Esta estrategia no dio resultado porque, como apunta Gould, “el grupo de Somoza también tenía intereses económicos en la rentable introducción de la maquinaria, que disminuiría e incluso reemplazaría la mano de obra humana”. De ahí la ominosa participación de la Guardia Nacional en la represión a los campesinos: la invasión a la propiedad de los Deshon encalló en cárcel y extorsiones: para obtener su excarcelación, el 21 de junio de 1977 los campesinos firmaron un convenio, dejando “a las autoridades el derecho del apremio corporal para nosotros y el resto de compañeros que pretendiéramos seguir en esta invasión”. Para entonces, en Chinandega y León se cultivaba el 98% de todo el algodón, en detrimento de alimentos de consumo básico, como el arroz que en Chinandega bajó de representar el 72% al 40% de la producción nacional entre 1963 y 1971.
LA MUERTE DEL MONARCA ALGODÓN
El algodón sufrió la suerte de Fermín: derrotado por peces más gordos. No pudo competir con el creciente uso de fibras sintéticas y la producción algodonera estadounidense, practicada en gran escala y receptora de subsidios estatales. Ya en 1957 el auge algodonero sufrió un revés cuando los precios internacionales se desplomaron desde 33.4 a 26.81 dólares el quintal.
Pero los algodoneros fueron sostenidos por el Estado somocista durante años por medio tasas de cambio pre¬ferenciales y generosas prórrogas en los plazos para pagar sus préstamos. Una combinación de iniciativas estatales y privadas “impidieron que la baja en los precios arruinara la industria y permitió que la élite mantuviera el control de la tierra y el trabajo”. Nada de libre mercado.
No obstante, fue imposible evitar la debacle del algodón. Después de haber alcanzando un pico de 212,380 hectáreas en 1978, la nívea alfombra de algodón se encogió. En los años 80, si excluimos el muy excepcional 1980 por ser el año inmediato posterior a la insurrección, el algodón sólo cubrió un promedio anual de 83,960 hectáreas. Luego se redujo a la mitad y en 1992-93 experimentó un drástico descenso de 35,840 a 2,510 hectáreas, descenso del que jamás se recuperó y que sólo tendió a prolongar, reservando su exigua producción principalmente para el mercado doméstico. Agotados y envenenados, los suelos chinandeganos y leoneses no daban mucho más de sí: los rendimientos habían decaído desde un promedio de 22,322 hectogramos por hectárea en 1971-79 a 20,963 en 1981-89 y a 18,532 en 1991-99.
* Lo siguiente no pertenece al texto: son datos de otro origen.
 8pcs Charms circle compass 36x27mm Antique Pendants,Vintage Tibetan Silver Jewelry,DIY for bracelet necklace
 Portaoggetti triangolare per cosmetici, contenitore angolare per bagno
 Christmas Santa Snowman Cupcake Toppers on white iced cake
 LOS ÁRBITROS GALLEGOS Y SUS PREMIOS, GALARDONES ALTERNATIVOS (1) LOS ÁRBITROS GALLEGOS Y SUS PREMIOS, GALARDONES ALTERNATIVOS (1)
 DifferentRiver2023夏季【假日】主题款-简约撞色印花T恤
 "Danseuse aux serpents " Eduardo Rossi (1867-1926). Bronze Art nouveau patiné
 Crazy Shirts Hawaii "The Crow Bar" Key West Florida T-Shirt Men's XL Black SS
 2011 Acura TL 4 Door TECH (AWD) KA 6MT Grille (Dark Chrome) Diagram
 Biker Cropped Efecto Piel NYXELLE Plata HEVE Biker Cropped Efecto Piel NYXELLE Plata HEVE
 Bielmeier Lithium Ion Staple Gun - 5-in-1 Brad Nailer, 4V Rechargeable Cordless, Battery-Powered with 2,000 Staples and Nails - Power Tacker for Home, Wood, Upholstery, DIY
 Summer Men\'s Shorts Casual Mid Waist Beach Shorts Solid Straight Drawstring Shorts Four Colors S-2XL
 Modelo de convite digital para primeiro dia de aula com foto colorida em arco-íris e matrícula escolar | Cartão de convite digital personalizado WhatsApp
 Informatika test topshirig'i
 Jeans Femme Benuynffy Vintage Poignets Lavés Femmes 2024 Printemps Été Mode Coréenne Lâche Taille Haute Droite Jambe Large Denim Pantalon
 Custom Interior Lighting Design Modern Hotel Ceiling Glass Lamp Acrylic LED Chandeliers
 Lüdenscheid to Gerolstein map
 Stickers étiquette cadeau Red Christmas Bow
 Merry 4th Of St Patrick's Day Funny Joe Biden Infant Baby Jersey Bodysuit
La producción algodonera fue un par de líneas -algún día una simple nota al pie de página- en la historia de largo plazo nicaragüense. Pero su breve reinado de quizás 20-30 años sedimentó en cambios irreversibles en la relación obrero-patrón, cambios que ahora suman rasgos a la globalización sólida: desarraigo -ruptura del cordón umbilical con la hacienda- y gélidas relaciones contractuales pasajeras que sustituyeron a cálidos compadrazgos eternos… No olvidemos que lo que era atado en la tierra quedaba atado en el cielo, donde sea que éste se hallase.